Таким образом, СССР и его союзники поступили по отношению к ЧССР хотя и в нарушение международно-правовых норм, но в соответствии с принципами внутриблоковой (союзнической) реальной политики, которые применялись задолго до эпохи холодной войны: достаточно вспомнить о взаимодействии дома Габсбургов с царской Россией при уничтожении самопровозглашенной венгерской государственности в 1849 г.

Право на «свободу рук» в  своей сфере влияния признавалось за СССР и западными державами, что (как отмечалось в докладах И. И. Орлика и др.) предопределило сдержанность их реакции на чехословацкие события27. Начиная с весны 1968 г. сотрудники госдепа США, внимательно следившие за происходящим в Чехословакии, в неофициальных разговорах с чехословацкими дипломатами призывали к осторожности и давали понять собеседникам, что «США признают интересы СССР в Восточной Европе и не допустят, чтобы ЧССР стала причиной конфронтации между великими державами». Придерживаясь выжидательной позиции, официальный Вашингтон старался не делать каких-либо жестов, которые могли быть истолкованы как попытки вмешательства во внутренние дела ЧССР и стать предлогом для силовых действий со стороны СССР. Дело доходило до давления госдепа на прессу с требованием ослабить внимание к событиям в Чехословакии.
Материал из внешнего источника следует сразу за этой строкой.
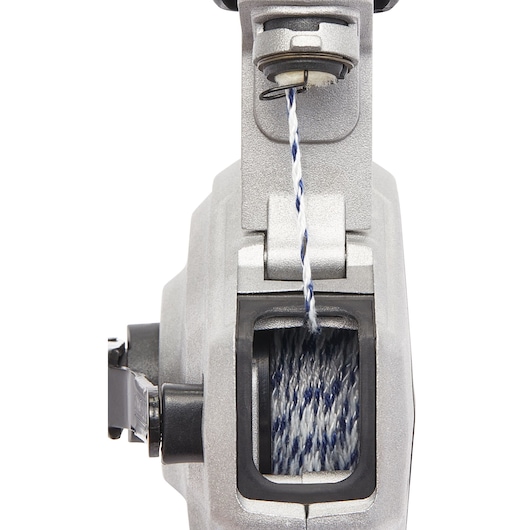 IRWIN chalk reel IWHT48445 front angle showing blue and white twisted line exiting the reel.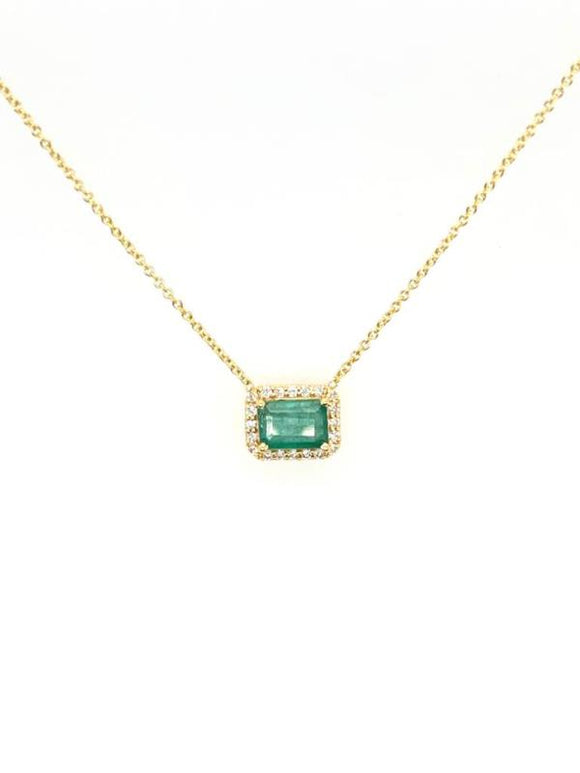 1Ct Emerald Around 0.14Ct Diamond Halo Pendant 14K Yellow Gold Necklace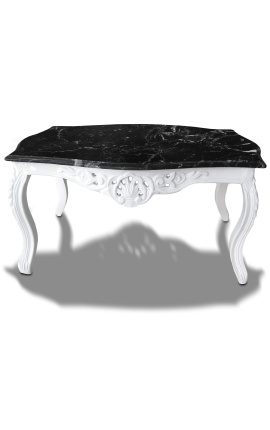 Tavolino barocco in legno laccato bianco con piano in marmo nero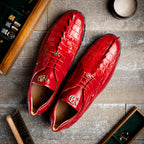 Genuine Hornback Caiman and Calf Leather Exotic Sneaker Udine Red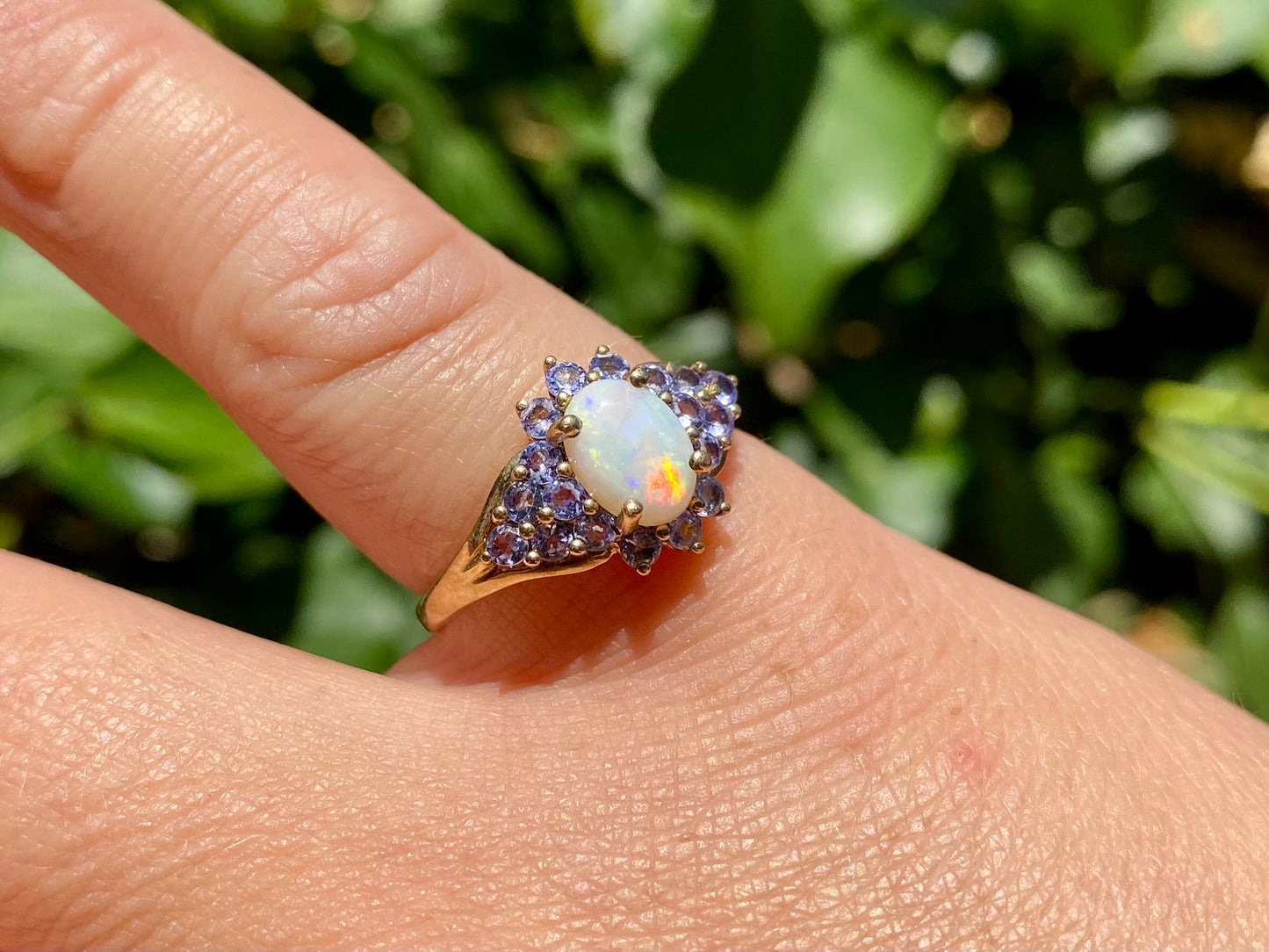 9ct Gold Opal & Tanzanite Ring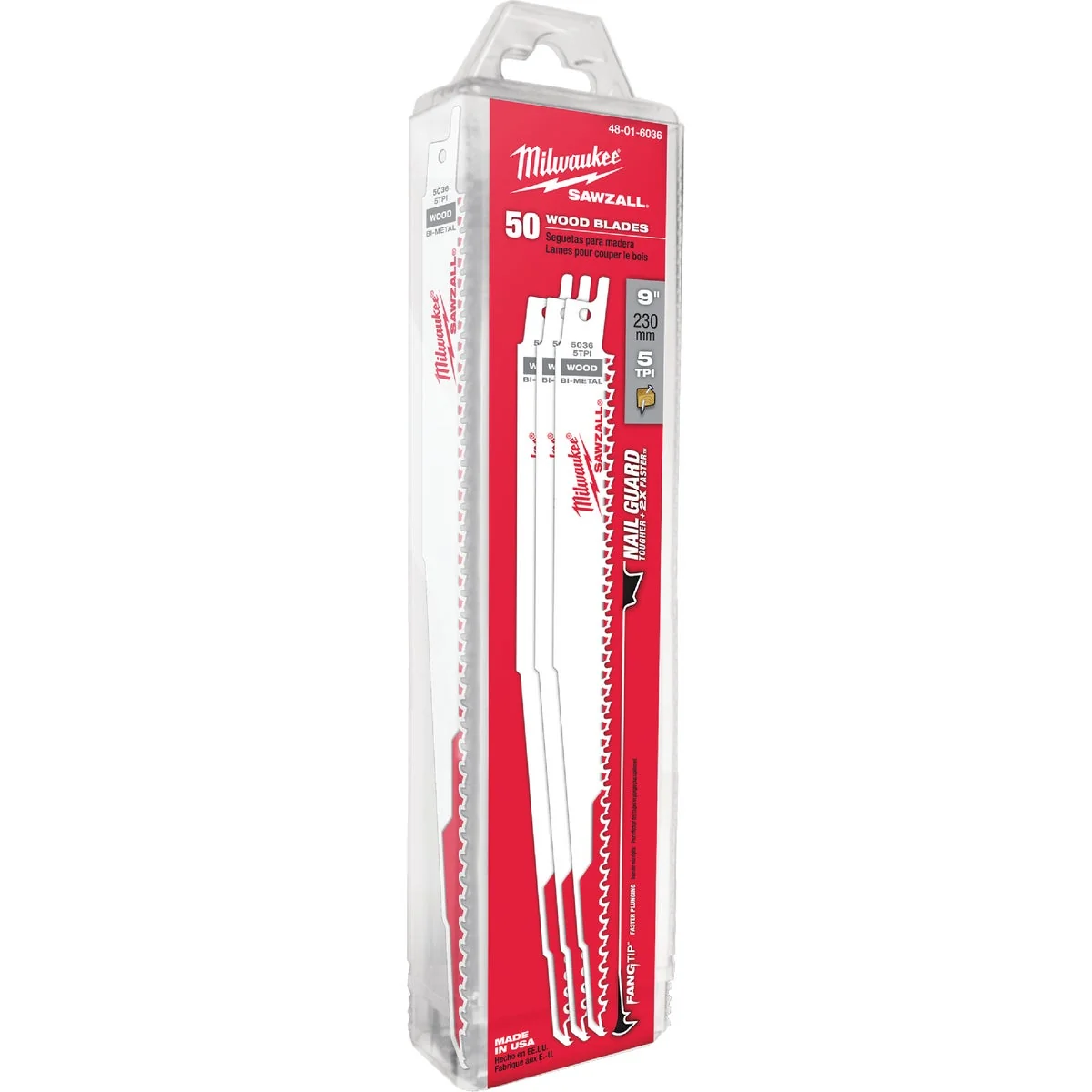Solid Milwaukee Sawzall 9 In. 5 TPI Wood w Nails Reciprocating Saw Blade 50-Pack Convenient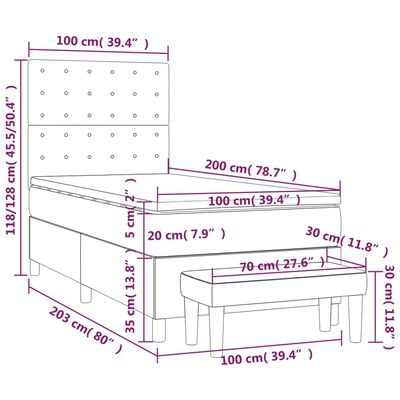 vidaXL Krevet s oprugama i madracem crni 100 x 200 cm od tkanine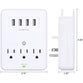 POWRUI Multi Wall Outlet Adapter Surge Protector 1680 Joules with 4-USB Ports Wall Charger, Wall Mount Charging Center 3 Outlet Wall Mount Adapter for Home, School, Office, ETL Certified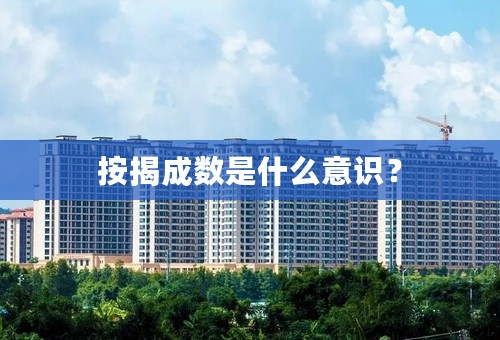 按揭成数是什么意识？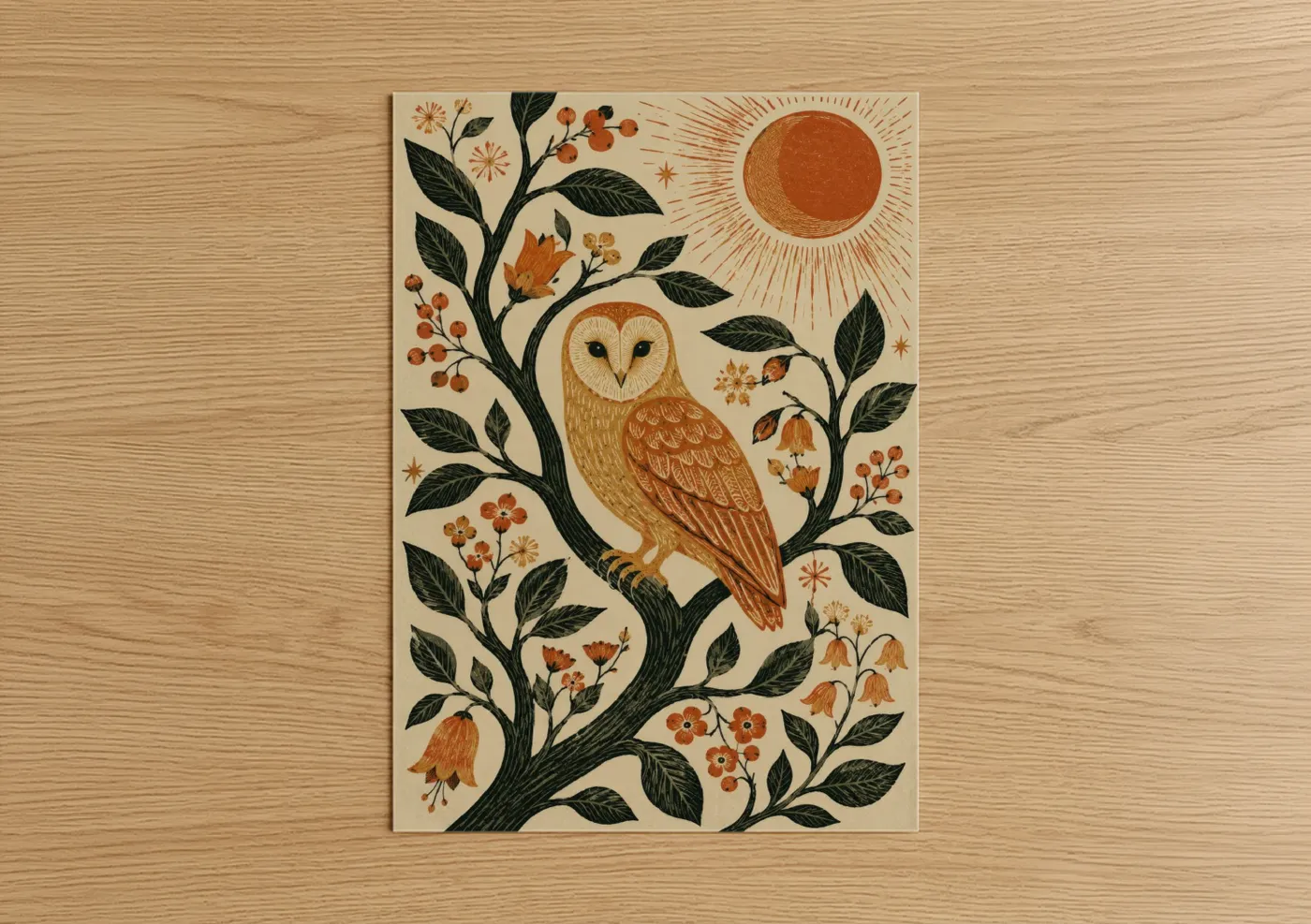 Art print on warm oak wood — beige and orange palette — Botanical Owl With Sun Wall Art poster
Нормальные отношения с СССР и перспективу заключения договора об ограничении стратегических вооружений Вашингтон отнюдь не хотел приносить в жертву реализации в общем-то чуждых себе идей «социализма с человеческим лицом». По мере усиления давления союзников на руководство ЧССР (Варшавский ультиматум середины июля) и повышения реальной угрозы военного вмешательства осторожность американской администрации только возрастает. Причем позицию невмешательства разделяла и оппозиция - боровшиеся за власть республиканцы.

На конференции в ходе дискуссий обращалось внимание на необходимость учитывать фактор войны во Вьетнаме (точно так же, как невозможно сбрасывать со счетов суэцкий, ближневосточный контекст при обращении к венгерскому кризису 1956 г.). Планы Пентагона направить во Вьетнам большую партию призванных резервистов (до 200 тыс. человек) вызвали в марте 1968 г. бурю общественного негодования после того как информация об этом просочилась в печать. Антивоенное движение оказалось эффективным, приведя к пересмотру всей вьетнамской политики. Совершенно очевидно, что американское общественное мнение явно не поддержало бы новой военной авантюры. Политика администрации Л. Джонсона в чехословацком вопросе была подчинена задаче сохранения диалога с СССР на основе поддержания межблокового равновесия (Показательно, что и после 21 августа в Вашингтоне, осуждая акцию, не хотели вместе с тем сжигать мостов к СССР)28.